To manage the Commons, and to prevent the threatened impeachment of Buckingham, when the judges presented to him the lists of sheriffs Charles struck out seven names and wrote in their places seven of the most able and active of the leaders of Opposition in the Commons, the most determined enemies of the favourite:—Sir Edward Coke, Sir Thomas Wentworth, Sir Francis Seymour, Sir Robert Philips, Sir Grey Palmer, Sir William Fleetwood, and Edward Alford. As this office disqualified them from sitting in Parliament, the king thus got rid of them for that year; but Coke contended that though a sheriff could not sit for his own county he could for another, and got himself elected for the county of Norfolk, but did not venture to take his seat.

All these measures, it will be seen, were dictated not by a desire to conciliate, but to override the Parliament, and therefore could not promise much good to a mind of any depth of penetration. Parliament was summoned for the 6th of February, 1626, and the 2nd was appointed for the coronation. With the knowledge of a discontented people, Charles went to meet his Parliament, and this consciousness would, in a monarch capable of taking a solemn warning, have operated to produce conciliation, at least of tone; but Charles was one of that class of men who illustrated the striking words of the Latin fatalist "Whom God intends to destroy He first drives mad." Accordingly, he opened the sitting with a curt speech, referring them to that of the new Lord Keeper Coventry, which was in the worst possible taste. He said, "If we consider aright, and think of the incomparable distance between the supreme height and majesty of a mighty monarch, and the submissive awe and lowliness of loyal subjects, we cannot but receive exceeding comfort and contentment in the frame and constitution of this highest Court, wherein not only prelates, nobles, and grandees, but the commons of all degrees have their part; and wherein that high majesty doth descend to admit, or rather to invite, the humblest of his subjects to conference and council with him."

Of all language this was, in the temper of the Commons, the most adapted to incense them. Such talk of the condescension of the Crown, at the moment when they were entering on a desperate conflict against its abuse of the prerogative, only the more stimulated their resolution to their task. They immediately formed themselves into three committees: one of religion, a second of grievances, and a third of evils. They again, by the Committee of Religion, canvassed the subject of Popery; resolving to enact still severer laws against it, as the origin of many of the worst evils that afflicted the nation. They summoned schoolmasters from various and remote parts of the kingdom, and put searching questions to them, as to the doctrines which they held and taught to their scholars; and every member of the House was called upon in turn to denounce all persons in authority or office, known to them as holding the tenets of the ancient faith. In fact, in their vehement zeal for religious liberty, the zealots of the House were on the highway to extinguish every spark of toleration, and to convert the House of Commons into an inquisition, instead of the bulwark of popular right.

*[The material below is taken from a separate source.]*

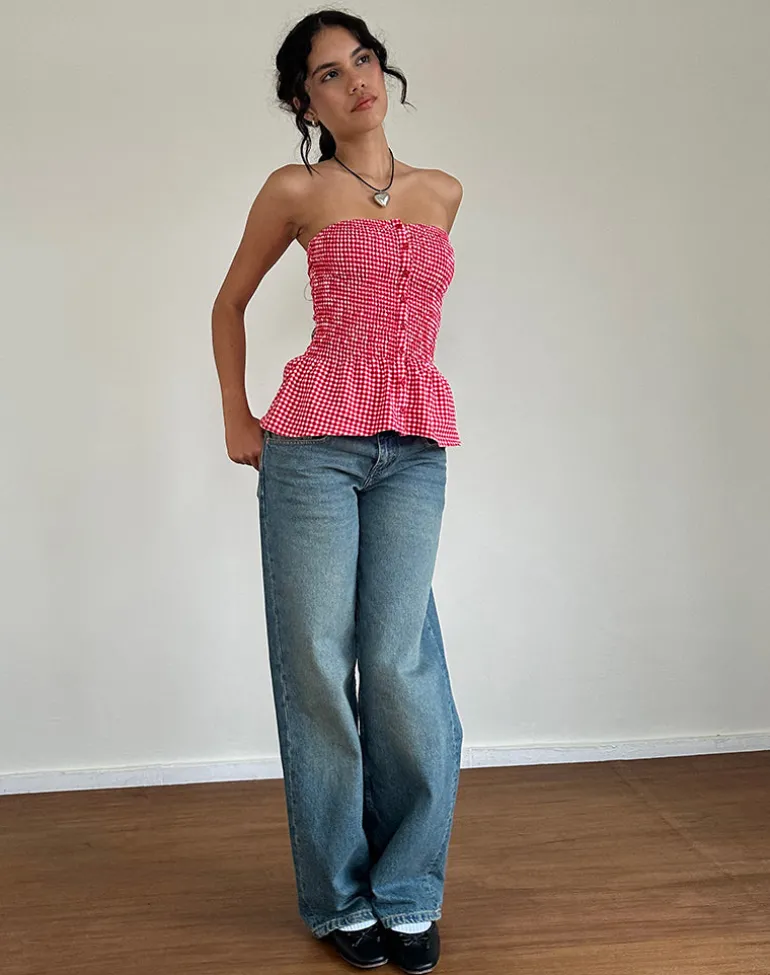 Soter Top in Red Gingham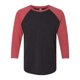 thumbnail image 1 of Next Level Mens Tri-Blend 3/4-Sleeve Raglan Tee (6051) vin red/vin blk l Ropa de siguiente nivel 6051, 1 of 1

They again summoned Dr. Montague to redeem his bail, and receive punishment on account of his book, in which they charged him with having admitted that the Church of Rome was the true Church, and that the articles on which the two churches did not agree were of minor importance. Laud advocated the cause of Montague at Court, for he was of precisely the same opinions, and urged the king and Buckingham to protect him. But both Charles and the favourite saw too many difficulties in their own way to care to interfere in defence of the chaplain. They left him to his fate, and he would have been no doubt severely dealt with, had not higher matters seized the attention of the House, and caused the offending Churchman to be overlooked.

This was the impeachment of Buckingham. The Committee of Grievances had drawn up, after a tedious investigation, a list of sixteen grievances, consisting of such as had so often been warmly debated in the last reign. Of these the most prominent, in their opinion, were the practice of purveyance, by which the officers of the household still collected provisions at a fixed price for sixty miles round the Court, and the illegal conduct of the Lord Treasurer, who went on collecting tonnage and poundage though unsanctioned by Parliament. They charged the maintenance of these evils to the advice and influence of a "great delinquent" at Court; who had, moreover, occasioned all the disgraces to the national flag, both by land and sea, which had for some years occurred, and who ought to be punished accordingly.

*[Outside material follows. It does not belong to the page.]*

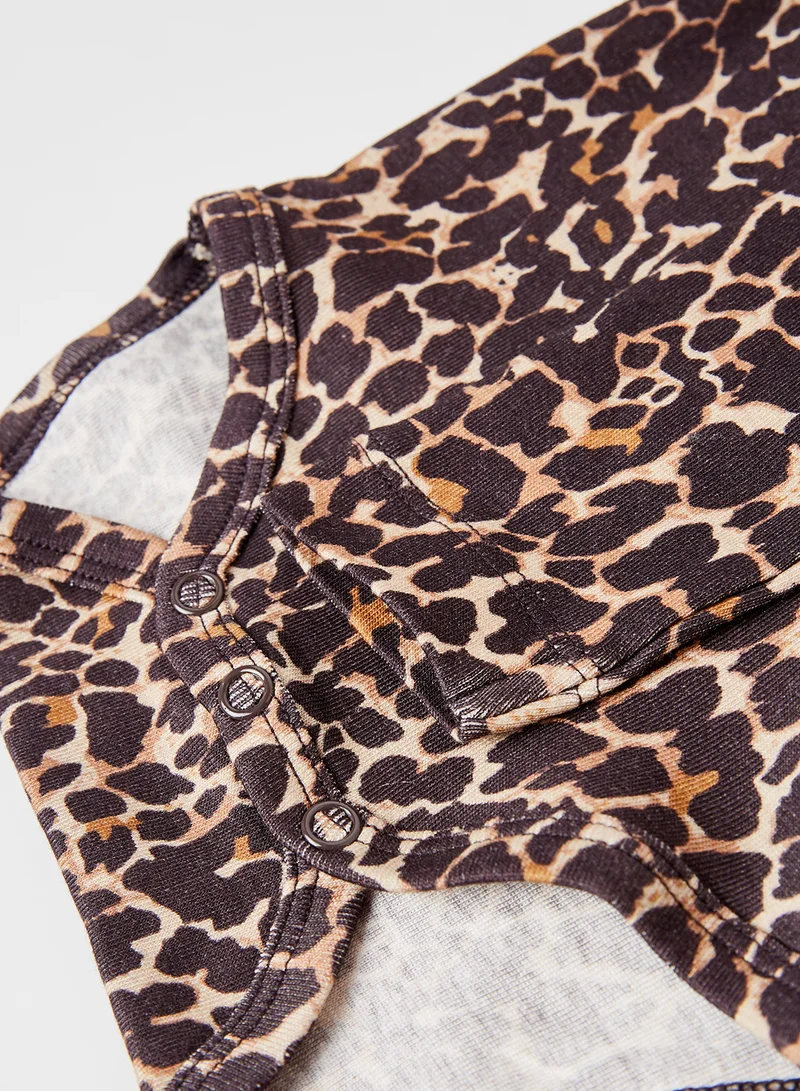 NAME IT Baby Girls Leopard Print Bodysuit Multicolour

The time was now actually arriving of which James had warned his son and Buckingham, when they urged the impeachment of the Earl of Middlesex, but choosing to forget all that, Charles sent down word to the House that he did not allow any of his servants to be called in question by them, especially such as were of eminence and near unto his person. He remarked that of old the desire of subjects had been to know what they should do with him whom the king delighted to honour, but their desire now appeared to be to do what they could against him whom the king honoured. That they aimed at the Duke of Buckingham, he said, he saw clearly, and he wondered much what had produced such a change since the former Parliament; assuring them that the duke had taken no step but by his order and consent; and he concluded by requesting them to hasten the question of Supply, "or it would be worse for them."

YORK HOUSE (THE DUKE OF BUCKINGHAM'S MANSION).

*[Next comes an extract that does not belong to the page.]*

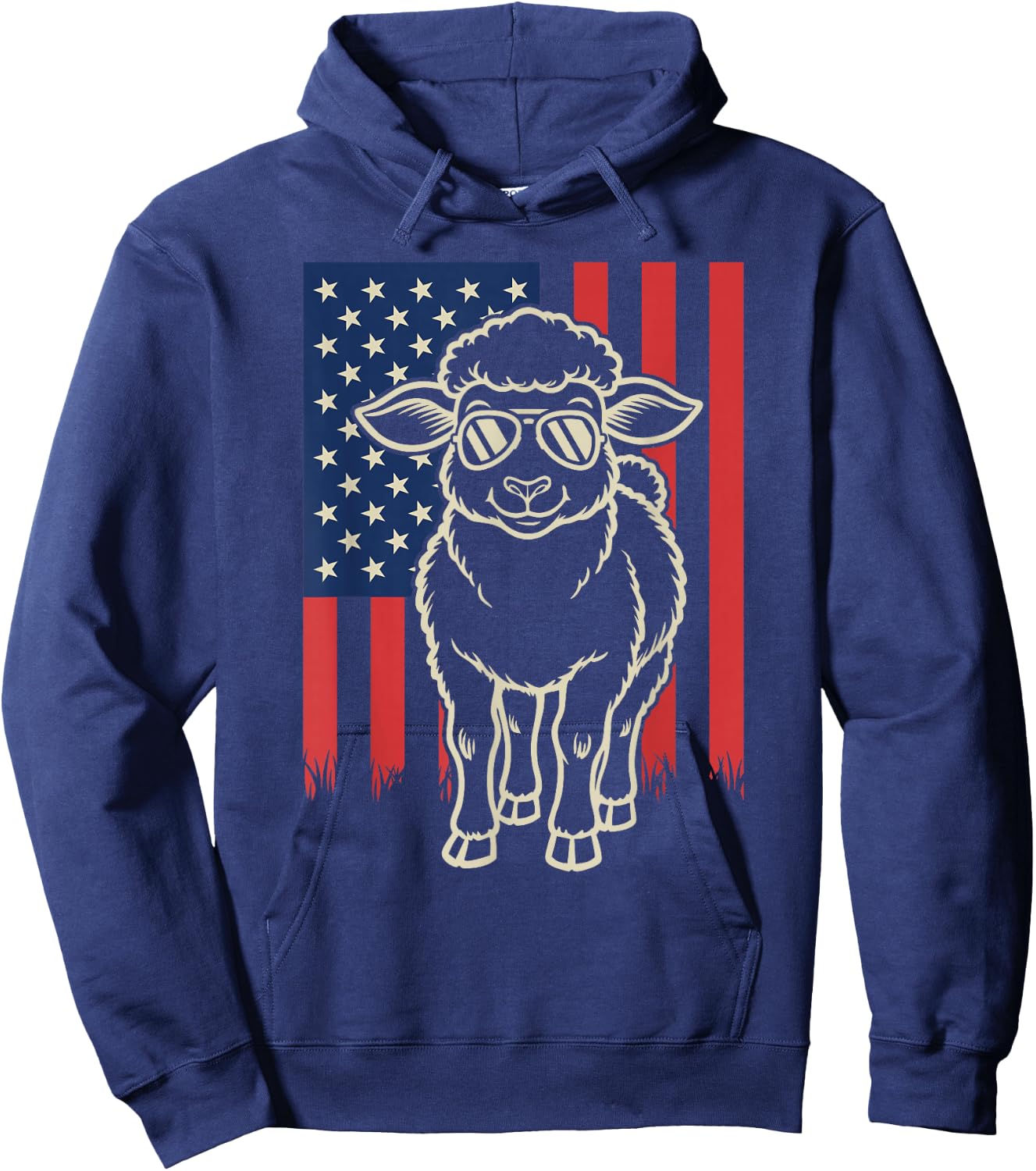 Sheep Lover Farmer Farm Animal 4th of July Hoodie - Hoodie | Navy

On the 29th of March he repeated the menace; but the Commons went on preparing their charges against Buckingham, declaring that it was the undoubted right of Parliament to inquire into the proceedings of persons of any estate whatever, who had been found dangerous to the Commonwealth, and had abused the confidence reposed in them by the Crown.

Seeing them bent on proceeding, Charles sent down to the House the Lord Keeper to acquaint them with his majesty's express command that they should cease this inquiry, or that he would dissolve them; and Sir Dudley Carleton, who had been much employed as ambassador to foreign states, and had recently returned from France, warned them not to make the king out of love with parliaments, and then drew a most deplorable picture of the state of those countries where such had come to be the case. In all Christian countries, he said, there were formerly parliaments; but the monarchs, weary of their turbulence, had broken them up, except in this kingdom; and now he represented the miserable subjects as resembling spectres rather than men, miserably clad, meagre of body, and wearing wooden shoes.

This caricature of foreigners, had it been true, was the very thing to make the Commons cling to their freedom, and keep their affairs in their own hands; and as such arguments had no effect. Charles summoned the House to the bar of the Lords, and there addressed to them a most royal reproof, letting them know that it depended entirely on him whether he would call and when he would dismiss Parliament, and, therefore, as they conducted themselves so should he act. Their very existence depended, he assured them, on his will.

This was language which might have done in the mouth of Henry VIII., who by the possession of the vast plunder of the Church had made himself independent of parliaments and trod on them at his pleasure; but the times and circumstances were entirely changed. The Commons had learned their power and the king's weakness, and would no longer tolerate the insolence of despotism. They returned to their own House, and, to show that they were about to discuss the king's speech in a spirit which admitted of no interruption or interference, they locked the door and put the key in the hands of Sir John Finch, their Speaker. This ominous proceeding struck terror into the king, and a conference with the Upper House was proposed and accepted. There Buckingham endeavoured to smooth down the royal speeches and messages into something like a bearable and constitutional shape, and to defend his own conduct. But by this time the Committee of Evils, Causes and Remedies, had come to the conclusion that the only mode of preventing the recurrence of such mal-administration as Buckingham had been guilty of was to impeach and punish him. The House accordingly passed a resolution to that effect on the 8th of May.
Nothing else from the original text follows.